1. 遺言者は、遺言者の有する下記の建物の配偶者居住権を遺言者の妻〇〇〇〇(昭和〇〇年〇月〇日生)に遺贈する。
所 在 東京都新宿区神楽坂〇番地
家屋番号 〇番〇
種 類 居宅
構 造 木造スレート葺2階建て
床 面 積 1階 〇〇.〇〇平方メートル
2階 〇〇.〇〇平方メートル
なお、「相続させる」と記載されていても、遺言書の全体の記載から遺贈の趣旨と解することに特段の疑義が生じない限り、配偶者居住権に関する部分を遺贈の趣旨であると解して設定の登記を申請することができます。(法務省民二第324号通達)
配偶者居住権の消滅と期間について
配偶者居住権は次の場合に消滅します。
- 存続期間を決めたときは、その存続期間が満了した場合
- 配偶者が死亡した場合(配偶者の居住権を保護するための権利なので相続の対象にはなりません)
- 建物を取り壊したとき
- 建物が配偶者の財産になったとき
- 配偶者が配偶者居住権を放棄した時
配偶者居住権を登記した場合、期間を定めなければ、配偶者が亡くなるまでとなります。のちに配偶者が施設に移るなどして住まなくなり、不動産を売却する場合には、配偶者居住権の抹消の手続きをしなければいけませんので、配偶者の今後の生活状況も含めて期間を定めることを考えてもいいかもしれません。
期間について定める場合には、遺言書には次のように記載します。
1.遺言者は、存続期間を遺言者の死亡時から〇〇年間として、遺言者の有する下記の建物の配偶者居住権を遺言者の妻〇〇〇〇(昭和〇〇年〇月〇日生)に遺贈する。
土地の部分について
配偶者居住権は建物のみに設定されるので、土地については記載は不要です。
(配偶者居住権の記載が載るのは建物の登記簿謄本だけですが、相続税計算上は建物・土地それぞれの評価額に影響があります)。
その他
固定資産税や修繕費の支払について
民法第1034条1項において、「配偶者は、居住建物の通常の必要費を負担する。」と定められています。通常の必要費とは、修繕費や建物、その敷地の固定資産税が含まれるといわれていますので、配偶者がそれらの費用を負担します。
適用
令和2年4月1日以降の相続から適用されましたので、この日以前に作成した遺言書については、書き直しや追加などの見直しが必要になります。
また、令和2年4月1日以前にお亡くなりになった場合、遺産分割協議を4月1日以降に行ったとしても適用されませんのでご注意ください。

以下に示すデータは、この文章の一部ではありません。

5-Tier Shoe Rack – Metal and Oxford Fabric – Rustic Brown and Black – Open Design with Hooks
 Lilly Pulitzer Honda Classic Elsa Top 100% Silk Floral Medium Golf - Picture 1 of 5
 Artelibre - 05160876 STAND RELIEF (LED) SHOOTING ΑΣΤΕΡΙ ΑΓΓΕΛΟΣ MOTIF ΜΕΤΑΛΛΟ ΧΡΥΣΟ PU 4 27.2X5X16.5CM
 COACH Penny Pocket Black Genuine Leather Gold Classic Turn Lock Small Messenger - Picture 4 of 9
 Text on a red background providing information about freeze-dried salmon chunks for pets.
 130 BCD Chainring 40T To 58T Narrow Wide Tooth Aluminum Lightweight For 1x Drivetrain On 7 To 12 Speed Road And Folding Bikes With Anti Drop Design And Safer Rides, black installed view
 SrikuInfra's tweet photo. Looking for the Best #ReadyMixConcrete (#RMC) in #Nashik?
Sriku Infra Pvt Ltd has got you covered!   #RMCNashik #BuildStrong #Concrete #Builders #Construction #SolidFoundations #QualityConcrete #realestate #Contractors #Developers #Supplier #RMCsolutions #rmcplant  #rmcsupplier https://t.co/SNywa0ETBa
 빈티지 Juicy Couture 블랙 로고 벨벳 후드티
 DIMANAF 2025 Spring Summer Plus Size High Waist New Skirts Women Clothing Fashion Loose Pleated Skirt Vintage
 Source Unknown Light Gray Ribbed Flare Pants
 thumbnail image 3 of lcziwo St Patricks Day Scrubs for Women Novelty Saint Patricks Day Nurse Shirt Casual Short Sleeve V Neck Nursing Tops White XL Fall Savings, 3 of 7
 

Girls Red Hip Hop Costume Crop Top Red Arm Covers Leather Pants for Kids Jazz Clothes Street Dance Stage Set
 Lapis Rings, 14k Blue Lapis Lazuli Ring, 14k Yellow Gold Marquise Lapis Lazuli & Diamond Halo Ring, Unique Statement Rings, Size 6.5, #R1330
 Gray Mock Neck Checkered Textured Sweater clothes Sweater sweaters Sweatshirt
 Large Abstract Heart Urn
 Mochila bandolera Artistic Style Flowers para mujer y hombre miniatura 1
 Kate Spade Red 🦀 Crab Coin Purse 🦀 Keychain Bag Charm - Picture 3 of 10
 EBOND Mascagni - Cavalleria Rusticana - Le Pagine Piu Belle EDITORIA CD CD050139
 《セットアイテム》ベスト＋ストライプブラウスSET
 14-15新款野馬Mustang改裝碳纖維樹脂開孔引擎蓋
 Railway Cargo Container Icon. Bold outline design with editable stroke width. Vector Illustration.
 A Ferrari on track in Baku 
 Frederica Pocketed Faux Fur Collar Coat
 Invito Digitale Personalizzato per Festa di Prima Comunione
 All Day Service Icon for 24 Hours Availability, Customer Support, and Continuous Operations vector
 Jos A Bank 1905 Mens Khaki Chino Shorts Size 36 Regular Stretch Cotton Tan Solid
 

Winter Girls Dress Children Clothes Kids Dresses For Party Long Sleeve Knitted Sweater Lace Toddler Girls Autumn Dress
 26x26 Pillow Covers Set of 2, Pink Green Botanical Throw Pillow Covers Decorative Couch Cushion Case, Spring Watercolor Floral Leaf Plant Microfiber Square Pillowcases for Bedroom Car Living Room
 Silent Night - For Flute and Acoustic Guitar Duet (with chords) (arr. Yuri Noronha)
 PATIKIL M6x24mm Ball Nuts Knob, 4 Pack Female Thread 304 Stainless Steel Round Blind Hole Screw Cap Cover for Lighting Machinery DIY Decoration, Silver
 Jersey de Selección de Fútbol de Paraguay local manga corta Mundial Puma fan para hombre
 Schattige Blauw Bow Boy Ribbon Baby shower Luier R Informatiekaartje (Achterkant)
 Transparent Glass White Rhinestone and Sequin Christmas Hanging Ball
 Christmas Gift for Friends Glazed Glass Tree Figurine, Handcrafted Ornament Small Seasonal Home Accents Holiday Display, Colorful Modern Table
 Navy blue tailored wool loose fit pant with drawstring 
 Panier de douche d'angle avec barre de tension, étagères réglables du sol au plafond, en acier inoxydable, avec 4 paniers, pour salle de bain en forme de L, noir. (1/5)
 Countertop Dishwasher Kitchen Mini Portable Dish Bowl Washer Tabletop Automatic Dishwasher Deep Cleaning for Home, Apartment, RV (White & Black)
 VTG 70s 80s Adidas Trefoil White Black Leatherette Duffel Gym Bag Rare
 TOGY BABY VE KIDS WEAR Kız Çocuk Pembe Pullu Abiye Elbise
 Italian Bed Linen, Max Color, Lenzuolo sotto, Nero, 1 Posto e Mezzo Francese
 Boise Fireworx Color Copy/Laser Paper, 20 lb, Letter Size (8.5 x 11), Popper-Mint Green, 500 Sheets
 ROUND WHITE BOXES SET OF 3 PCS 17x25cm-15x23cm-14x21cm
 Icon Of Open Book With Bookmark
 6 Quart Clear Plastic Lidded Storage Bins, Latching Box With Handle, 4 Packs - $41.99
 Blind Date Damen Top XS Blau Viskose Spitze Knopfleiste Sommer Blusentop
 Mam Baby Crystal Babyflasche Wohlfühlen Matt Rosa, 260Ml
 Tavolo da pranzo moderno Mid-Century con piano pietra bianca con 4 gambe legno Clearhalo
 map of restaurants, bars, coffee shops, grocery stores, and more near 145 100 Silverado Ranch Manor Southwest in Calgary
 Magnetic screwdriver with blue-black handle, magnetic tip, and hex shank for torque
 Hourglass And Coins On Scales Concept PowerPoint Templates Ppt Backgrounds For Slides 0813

家族が仲がよく、円満な相続により残された配偶者がトラブルなく住み続けられる、配偶者が長く自宅に住まないであろうという状態にある、多くの金融資産があり自宅の他に金融資産も相続できるなどの場合には設定する必要がないかもしれません。それぞれの方の資産状況や家族関係、配偶者の年齢や健康状態など様々な視点から検討する必要がありますので、ご興味があれば専門家にご相談されることをお勧めします。